↓↓↓

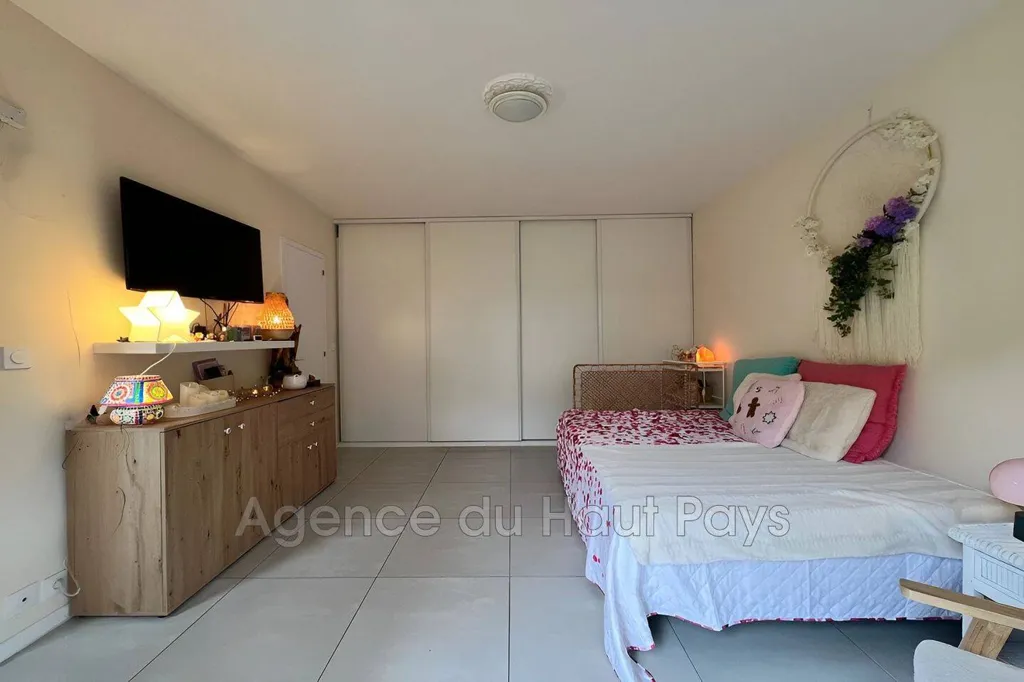 Chambres - Studio Rénové avec Jardinet à Cannes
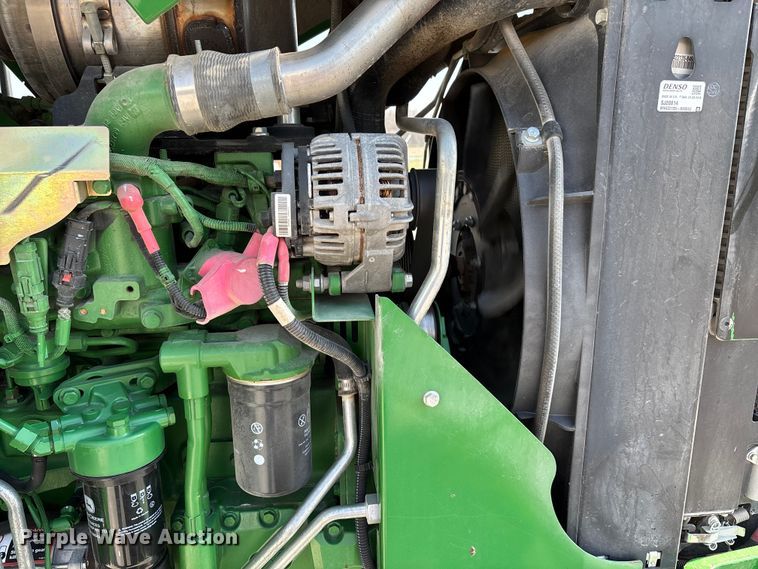 image for item DT0117 2014 John Deere 6105E tractor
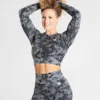 WOMEN'S BEST SPORTBEKLEIDUNG Camo Seamless Long Sleeve Crop Top | Black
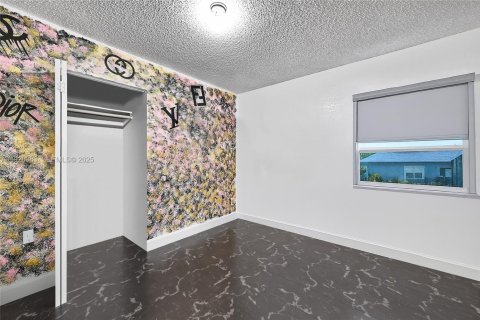 Купить виллу или дом в Форт-Лодердейл, Флорида 3 спальни, 103.86м2, № 1989659 - фото 10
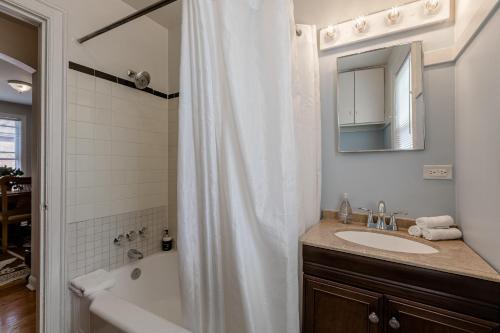 Ένα μπάνιο στο Enjoy Evanston! Slow Down After a Busy Day Sight Seeing - Walking Distance from Public Transportation apts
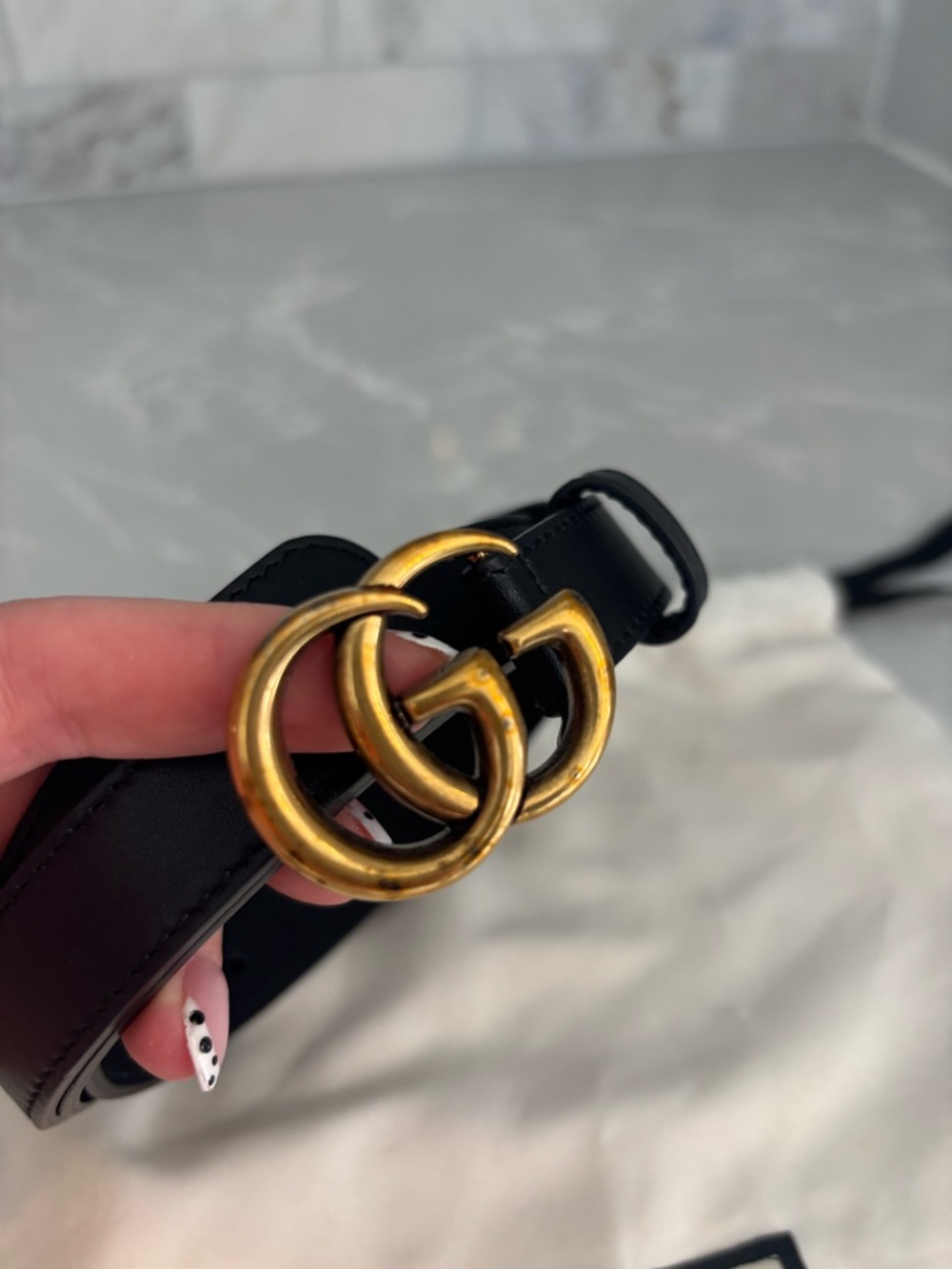 Gucci Black Leather Belt with Aged Gold Double G Buckle - Picture 2 of 4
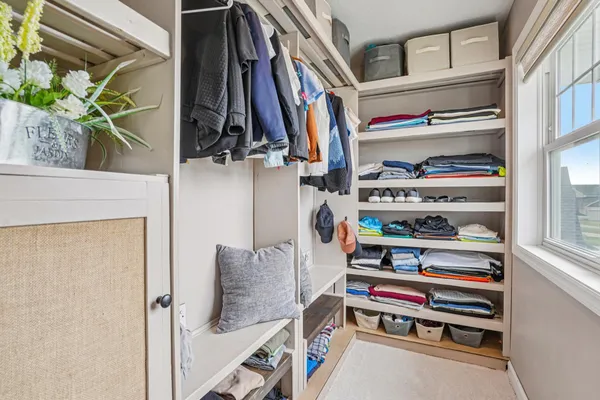 $872,900 | 5928 Pinnacle Circle, Prior Lake, MN 55372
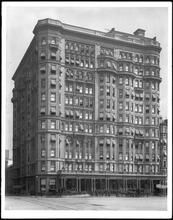 59th Street and 5th Avenue. Hotel Savoy.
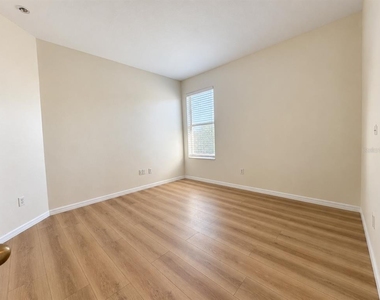 27353 Edenfield Drive - Photo Thumbnail 11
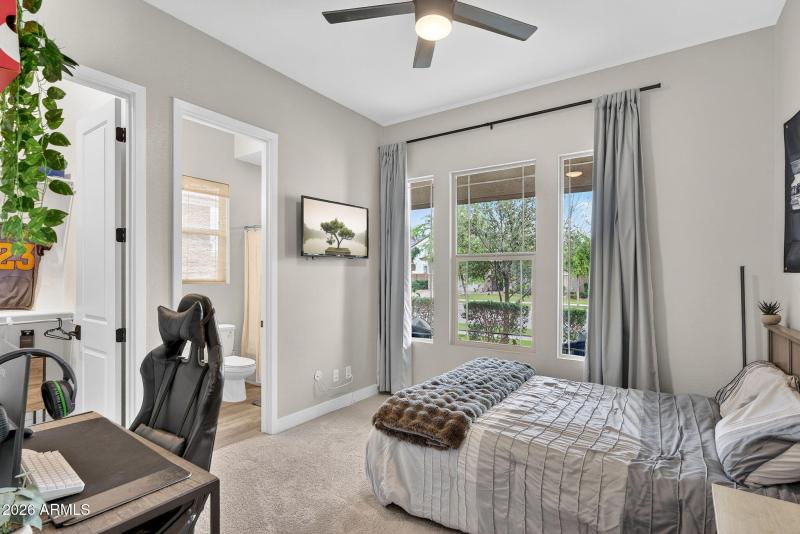 32-web-or-mls-25E Austin Dr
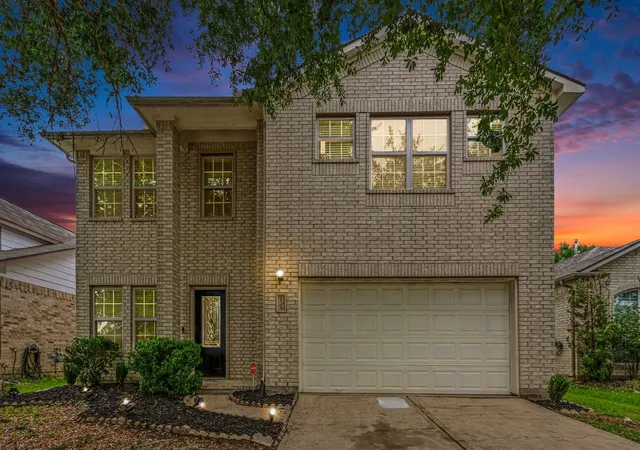 Photo 2 of Single family home for sale at 2705 Golden Crk Ln, Pearland, TX 77584 | MLS# 16159052 | Listing updated on 2026-09-11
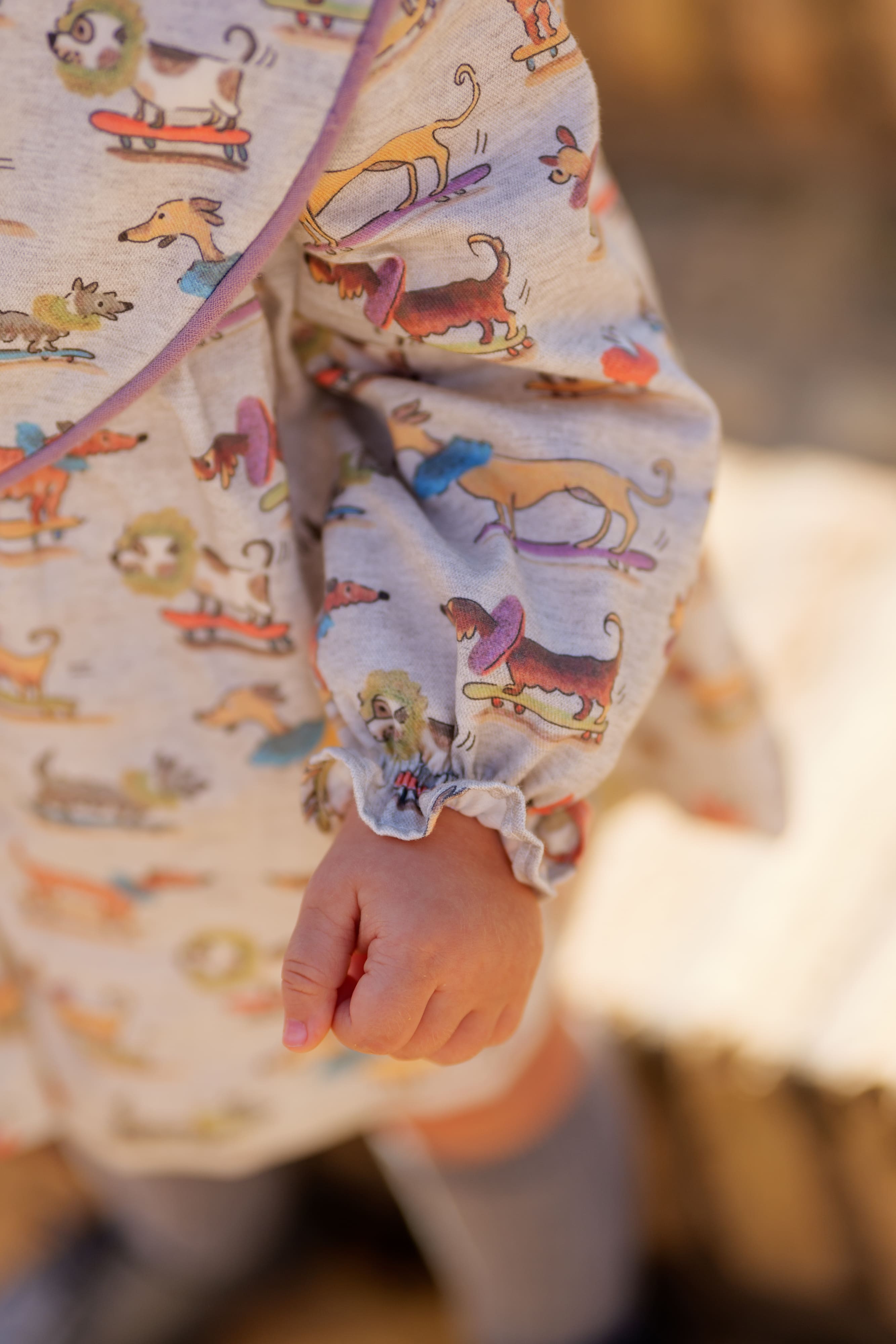 Vestido bebé beige estampado perritos con cuello volante | Colección Cocote x Charanga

↑↑↑

Pictures stay out. Repeat only the lines from the beginning of the data through the line that has "27353 Edenfield Drive - Photo Thumbnail 11".

 Chambres - Studio Rénové avec Jardinet à Cannes
 image for item DT0117 2014 John Deere 6105E tractor
 WOMEN'S BEST SPORTBEKLEIDUNG Camo Seamless Long Sleeve Crop Top | Black
 Купить виллу или дом в Форт-Лодердейл, Флорида 3 спальни, 103.86м2, № 1989659 - фото 10
 Ένα μπάνιο στο Enjoy Evanston! Slow Down After a Busy Day Sight Seeing - Walking Distance from Public Transportation apts
 Gucci Black Leather Belt with Aged Gold Double G Buckle - Picture 2 of 4
 $872,900 | 5928 Pinnacle Circle, Prior Lake, MN 55372
 59th Street and 5th Avenue. Hotel Savoy.
 27353 Edenfield Drive - Photo Thumbnail 11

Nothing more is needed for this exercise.